Mothering and Writing

As most experiments, the first day results always seems to out do expectations then the remaining days never live up to the first.  On the days both girls napped I did better in terms of sitting down to write with the right attitude.  It would be the middle of the day, I would be slightly tired, but I'd rally and do the work.  On days only one of the girls napped it was much harder to make time during the day for writing.  For example, one day I decided instead of posting to my blog in the morning, I would try and get a paragraph or so in while they ate breakfast.  This didn't work very well because the older one took advantage of it by eating very slowly, playing with her food, and trying to hide the fruit her mother instructed she eat.  The younger one wanted attention and I was instructed to feed her her yogurt if I didn't want to clean it out of her hair and off the floor when breakfast was done.  I managed a few sentences that morning, but nothing worth bragging about.

The most valuable lesson I took away from watching the little ones is to try and do the writing before the kids go down for bed.  The day I tried writing after everyone was done for the day, I realized I was done for the day too.  I had no juice left in me to strung the chords of creativity in my brain.  Thus, that day no writing got done.  Well maybe part of a sentence, that counts right?  This helped reinforce my getting up early to write ambitions.  The pro writers, if that's what you'd call them, have the right idea.  Do your work first thing before the day gets tainted or bogged down with the happenings of life.  I've been home a few days now and haven't kept to my writing schedule because I'm being selfish and giving myself some days off.  But come tomorrow, I'll get back on that horse.
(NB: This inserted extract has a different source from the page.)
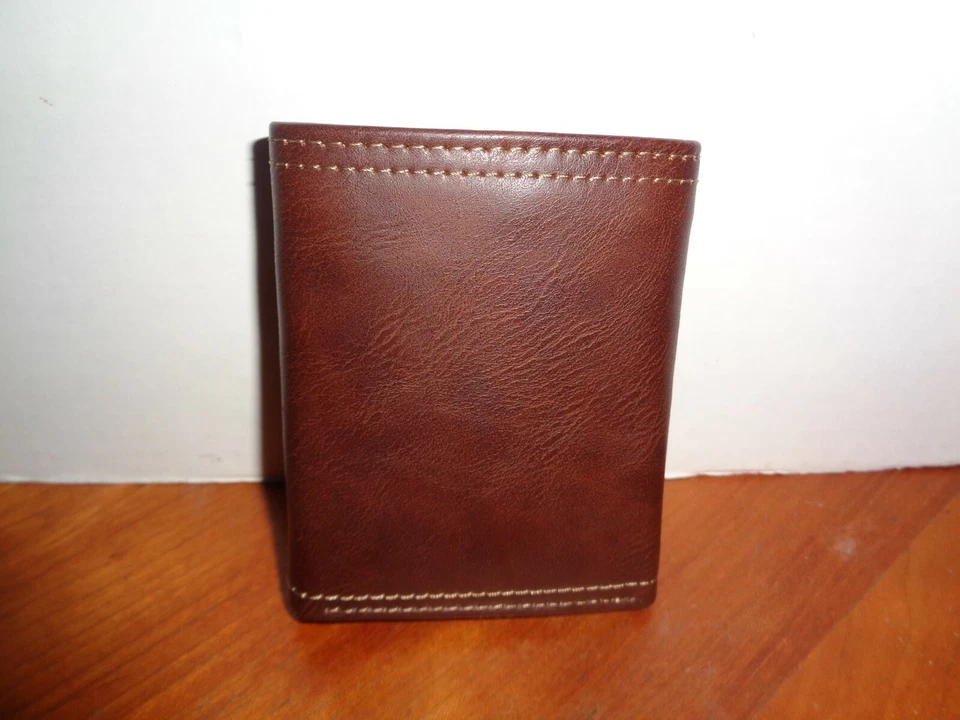 Dockers Mens RFID Coated Leather Trifold Wallet Zipper Closure 6 Card Slot Brown - Image 4 of 4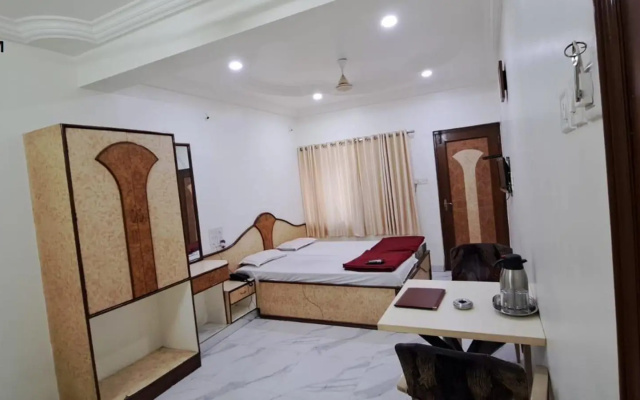 Hotel Aaditya Palace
In other related news, I think I am going to get rid of my desk.  I love my desk because its old and has character, and a LARGE top surface for clutter to mingle on 24/7.  The problem is I rarely sit and write at my desk.  For example, I am writing on my laptop now at my high top table, looking at my desk.    It fits well in my apartment, but it would also clear up more space to walk around in the apartment if it wasn't here.  The functionality of the desk is low, based on my not using it, and I always want more space in my apartment.  So, is getting rid of it the right thing or should I hold on to it for ... for what purpose?   A writer needs a desk, right?   A space they can mark as their place of creation?  Maybe, maybe not.  I'm going to think it over some more, but I did just clean it out today.  I don't want to put it in the back alley it does deserve better than that.  Maybe I'll try and sell it or give it to one of my friends.  I'll keep you all posted.

Monday, July 11, 2011

Success

The first day was good for me, the babies, and the writing.  We attended a baby date with one of my best friends from high school and my nieces were having so much fun they played right through nap time.  We got back home right about when they would have been getting up from nap time.  So I switched up the schedule a little on them and let them sleep for like an hour and half.  I don't know too many things about kids, but I know not to let them nap too long at the later end of the day or you'll be up all night.  I took that time to have my third cup of coffee and sit down with my writing.  It was very tempting to lay down with the ladies, but I wanted to make an honest attempt at fitting in my writing while "mothering."  My word count was better than my early morning sessions, 384.  I probably could have written for a bit longer than I did, but this is where the balancing act comes in.  If I wrote longer and I'd pay for it by being up all night.  So instead I chose to be satisfied with the timeI had to write and kept the babies close to their usual schedule.  I don't think I have to remind you all of my feelings about sleep, being up all night with energized babies might break me at this point in my life.  So I chose to keep a good balance of my competing priorities.


It all turned out in my favor.  I got as much sleep as I could hope for and my nieces aren't cranky or whiny.  I'm finding time to blog in the am with plans to work on my novel in the late afternoon.  Let's hope I keep it up today.